Rulyrana spiculata
- Conservation status: Near Threatened (IUCN 3.1)

Scientific classification
- Kingdom: Animalia
- Phylum: Chordata
- Class: Amphibia
- Order: Anura
- Family: Centrolenidae
- Genus: Rulyrana
- Species: R. spiculata
- Binomial name: Rulyrana spiculata (Duellman, 1976)
- Synonyms: Centrolenella spiculata Duellman, 1976 Cochranella spiculata (Duellman, 1976)

= Rulyrana spiculata =

- Authority: (Duellman, 1976)
- Conservation status: NT
- Synonyms: Centrolenella spiculata Duellman, 1976, Cochranella spiculata (Duellman, 1976)

Species of frog

Rulyrana spiculata is a species of frog in the family Centrolenidae. It is endemic to the eastern slopes of Andes in central and southern Peru and northern Bolivia. Common name Cuzco Cochran frog has been coined for it.

==Description==
Adult males measure 21–23 mm and females 24–28 mm in snout–vent length. The snout is rounded. The hands and feet are partly webbed. Both the finger and toe tips have discs, those on the fingers are relatively large. The dorsum is dark green while the venter is aquamarine. The tips of the digits are yellowish green, and margin of the upper lip is greenish white. The iris is dull bronze with fine, black reticulations. Dorsal skin is smooth but bears many minute, white spicules, which have given the species its specific name spiculata.

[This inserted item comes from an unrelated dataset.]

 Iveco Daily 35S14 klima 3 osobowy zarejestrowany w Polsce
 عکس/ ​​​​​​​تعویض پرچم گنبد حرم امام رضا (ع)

==Habitat and conservation==
Its natural habitats are montane primary and secondary tropical forest at elevations of 1200–1700 m above sea level. It typically occurs close to streams. Males call at night adjacent to small streams. The eggs are laid on leaves, and upon hatching, the tadpoles fall in to the stream.

It is locally threatened by habitat loss caused by increasing agricultural activities and human settlements.